Exercise prompt: Some of the lines below need repeating. Reproduce exactly those between the lines holding "Printed Black Regular T-Shirt" and "Vintage Knitting Pattern, Toy", inclusive.

Supplied records:
+ + + + +
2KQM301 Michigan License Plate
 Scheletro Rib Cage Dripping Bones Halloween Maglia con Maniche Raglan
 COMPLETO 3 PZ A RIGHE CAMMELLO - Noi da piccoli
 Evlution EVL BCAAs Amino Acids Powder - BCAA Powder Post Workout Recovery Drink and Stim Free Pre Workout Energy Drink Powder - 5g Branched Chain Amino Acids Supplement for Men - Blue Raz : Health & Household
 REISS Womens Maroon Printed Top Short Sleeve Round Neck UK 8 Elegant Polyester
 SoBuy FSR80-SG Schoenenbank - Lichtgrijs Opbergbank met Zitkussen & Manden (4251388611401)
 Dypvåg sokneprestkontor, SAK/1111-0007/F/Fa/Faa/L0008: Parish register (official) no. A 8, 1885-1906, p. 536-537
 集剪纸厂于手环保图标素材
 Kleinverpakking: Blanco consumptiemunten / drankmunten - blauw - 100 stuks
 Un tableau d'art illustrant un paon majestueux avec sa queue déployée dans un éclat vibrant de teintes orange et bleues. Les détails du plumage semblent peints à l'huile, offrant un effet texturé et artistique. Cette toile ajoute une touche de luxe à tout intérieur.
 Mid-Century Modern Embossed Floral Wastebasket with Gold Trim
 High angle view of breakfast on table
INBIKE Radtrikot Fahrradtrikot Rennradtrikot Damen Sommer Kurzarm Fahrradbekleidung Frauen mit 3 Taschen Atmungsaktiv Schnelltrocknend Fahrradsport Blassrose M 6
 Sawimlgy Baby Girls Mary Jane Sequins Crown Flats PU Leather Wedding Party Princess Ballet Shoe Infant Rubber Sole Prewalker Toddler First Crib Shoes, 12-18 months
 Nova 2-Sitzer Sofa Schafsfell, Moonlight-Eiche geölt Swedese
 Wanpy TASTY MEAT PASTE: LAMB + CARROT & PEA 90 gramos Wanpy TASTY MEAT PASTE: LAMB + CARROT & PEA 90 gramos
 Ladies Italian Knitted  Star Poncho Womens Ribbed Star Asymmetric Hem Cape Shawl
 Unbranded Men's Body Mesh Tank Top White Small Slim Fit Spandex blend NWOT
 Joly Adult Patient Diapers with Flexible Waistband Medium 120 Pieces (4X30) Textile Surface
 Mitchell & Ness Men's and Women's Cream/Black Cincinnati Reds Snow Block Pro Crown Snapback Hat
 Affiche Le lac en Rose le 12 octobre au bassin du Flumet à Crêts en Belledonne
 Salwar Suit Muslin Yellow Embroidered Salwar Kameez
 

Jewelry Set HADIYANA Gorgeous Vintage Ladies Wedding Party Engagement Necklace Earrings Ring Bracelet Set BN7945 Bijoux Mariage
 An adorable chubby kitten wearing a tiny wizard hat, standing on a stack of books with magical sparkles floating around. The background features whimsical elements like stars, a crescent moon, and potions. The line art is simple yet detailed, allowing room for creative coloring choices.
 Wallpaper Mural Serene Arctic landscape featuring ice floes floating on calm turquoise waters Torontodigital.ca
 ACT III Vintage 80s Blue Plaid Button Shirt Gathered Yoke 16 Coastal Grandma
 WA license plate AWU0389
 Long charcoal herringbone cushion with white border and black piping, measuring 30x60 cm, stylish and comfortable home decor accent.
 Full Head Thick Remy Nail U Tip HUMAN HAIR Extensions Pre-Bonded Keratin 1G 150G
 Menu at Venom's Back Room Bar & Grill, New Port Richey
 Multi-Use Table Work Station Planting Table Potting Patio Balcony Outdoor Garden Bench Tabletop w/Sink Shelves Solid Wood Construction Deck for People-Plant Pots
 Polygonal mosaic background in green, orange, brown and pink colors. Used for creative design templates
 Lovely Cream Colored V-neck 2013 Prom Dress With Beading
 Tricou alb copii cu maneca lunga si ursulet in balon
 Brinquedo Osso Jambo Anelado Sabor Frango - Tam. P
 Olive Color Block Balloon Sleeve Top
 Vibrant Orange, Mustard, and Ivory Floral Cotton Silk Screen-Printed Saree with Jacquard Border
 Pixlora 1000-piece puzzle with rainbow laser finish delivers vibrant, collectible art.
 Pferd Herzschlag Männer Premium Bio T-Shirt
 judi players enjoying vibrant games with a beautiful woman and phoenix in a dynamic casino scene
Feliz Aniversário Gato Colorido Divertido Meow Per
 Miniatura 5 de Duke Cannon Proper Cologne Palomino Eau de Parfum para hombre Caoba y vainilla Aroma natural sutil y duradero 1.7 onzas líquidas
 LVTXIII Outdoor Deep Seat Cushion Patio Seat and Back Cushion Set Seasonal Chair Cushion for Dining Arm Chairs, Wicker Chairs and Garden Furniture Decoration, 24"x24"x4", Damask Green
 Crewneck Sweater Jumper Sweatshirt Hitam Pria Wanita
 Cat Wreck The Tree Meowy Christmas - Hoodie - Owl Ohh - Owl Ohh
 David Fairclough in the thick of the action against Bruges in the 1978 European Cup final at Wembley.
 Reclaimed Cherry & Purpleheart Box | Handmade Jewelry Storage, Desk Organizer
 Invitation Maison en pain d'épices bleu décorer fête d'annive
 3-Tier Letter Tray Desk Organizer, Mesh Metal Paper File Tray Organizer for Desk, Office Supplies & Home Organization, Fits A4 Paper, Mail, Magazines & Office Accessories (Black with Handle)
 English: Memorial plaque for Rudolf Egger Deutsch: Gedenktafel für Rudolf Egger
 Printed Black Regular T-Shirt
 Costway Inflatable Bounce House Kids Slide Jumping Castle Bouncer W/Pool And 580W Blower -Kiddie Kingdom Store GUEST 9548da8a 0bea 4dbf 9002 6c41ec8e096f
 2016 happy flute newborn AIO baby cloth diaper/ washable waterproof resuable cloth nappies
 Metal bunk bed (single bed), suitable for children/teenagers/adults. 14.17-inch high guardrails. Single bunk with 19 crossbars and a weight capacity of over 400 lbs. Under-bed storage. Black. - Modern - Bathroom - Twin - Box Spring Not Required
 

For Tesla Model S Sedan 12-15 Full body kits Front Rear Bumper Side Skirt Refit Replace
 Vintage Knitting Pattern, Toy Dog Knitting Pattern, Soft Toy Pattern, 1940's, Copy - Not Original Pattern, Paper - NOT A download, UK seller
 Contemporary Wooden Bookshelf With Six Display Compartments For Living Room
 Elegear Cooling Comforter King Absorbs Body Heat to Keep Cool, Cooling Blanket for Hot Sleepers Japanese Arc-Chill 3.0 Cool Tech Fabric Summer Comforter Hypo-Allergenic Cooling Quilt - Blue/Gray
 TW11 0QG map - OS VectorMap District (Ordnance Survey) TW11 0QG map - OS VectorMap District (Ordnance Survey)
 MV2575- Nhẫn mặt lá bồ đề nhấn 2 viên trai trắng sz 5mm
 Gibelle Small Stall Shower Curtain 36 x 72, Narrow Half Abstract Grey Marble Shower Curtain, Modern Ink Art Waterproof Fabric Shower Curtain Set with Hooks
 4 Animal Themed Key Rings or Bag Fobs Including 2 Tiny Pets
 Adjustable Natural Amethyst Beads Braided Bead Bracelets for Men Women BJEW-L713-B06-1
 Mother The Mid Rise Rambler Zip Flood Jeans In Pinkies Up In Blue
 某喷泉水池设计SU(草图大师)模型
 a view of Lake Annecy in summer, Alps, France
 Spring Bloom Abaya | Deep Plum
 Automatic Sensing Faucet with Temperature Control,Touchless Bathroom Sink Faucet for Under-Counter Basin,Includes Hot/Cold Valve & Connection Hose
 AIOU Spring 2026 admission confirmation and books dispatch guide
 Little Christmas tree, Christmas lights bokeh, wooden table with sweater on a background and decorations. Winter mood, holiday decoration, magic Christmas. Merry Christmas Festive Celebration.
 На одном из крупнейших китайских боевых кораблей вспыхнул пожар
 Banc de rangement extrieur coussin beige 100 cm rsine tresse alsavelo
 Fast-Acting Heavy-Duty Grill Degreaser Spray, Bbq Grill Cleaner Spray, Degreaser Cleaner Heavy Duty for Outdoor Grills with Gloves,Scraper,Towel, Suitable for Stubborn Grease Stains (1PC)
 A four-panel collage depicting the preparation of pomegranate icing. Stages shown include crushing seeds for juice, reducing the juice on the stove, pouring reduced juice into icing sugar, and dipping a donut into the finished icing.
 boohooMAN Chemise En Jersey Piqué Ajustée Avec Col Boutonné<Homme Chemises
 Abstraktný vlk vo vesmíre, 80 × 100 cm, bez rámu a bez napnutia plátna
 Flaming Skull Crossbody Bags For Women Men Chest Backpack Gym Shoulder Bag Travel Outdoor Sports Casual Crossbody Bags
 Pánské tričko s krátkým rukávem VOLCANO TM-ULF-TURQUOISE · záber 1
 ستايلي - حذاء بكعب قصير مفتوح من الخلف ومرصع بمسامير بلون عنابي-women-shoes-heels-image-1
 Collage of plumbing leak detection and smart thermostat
+ + + + +
Solution to this exercise:
 Printed Black Regular T-Shirt
 Costway Inflatable Bounce House Kids Slide Jumping Castle Bouncer W/Pool And 580W Blower -Kiddie Kingdom Store GUEST 9548da8a 0bea 4dbf 9002 6c41ec8e096f
 2016 happy flute newborn AIO baby cloth diaper/ washable waterproof resuable cloth nappies
 Metal bunk bed (single bed), suitable for children/teenagers/adults. 14.17-inch high guardrails. Single bunk with 19 crossbars and a weight capacity of over 400 lbs. Under-bed storage. Black. - Modern - Bathroom - Twin - Box Spring Not Required
 

For Tesla Model S Sedan 12-15 Full body kits Front Rear Bumper Side Skirt Refit Replace
 Vintage Knitting Pattern, Toy Dog Knitting Pattern, Soft Toy Pattern, 1940's, Copy - Not Original Pattern, Paper - NOT A download, UK seller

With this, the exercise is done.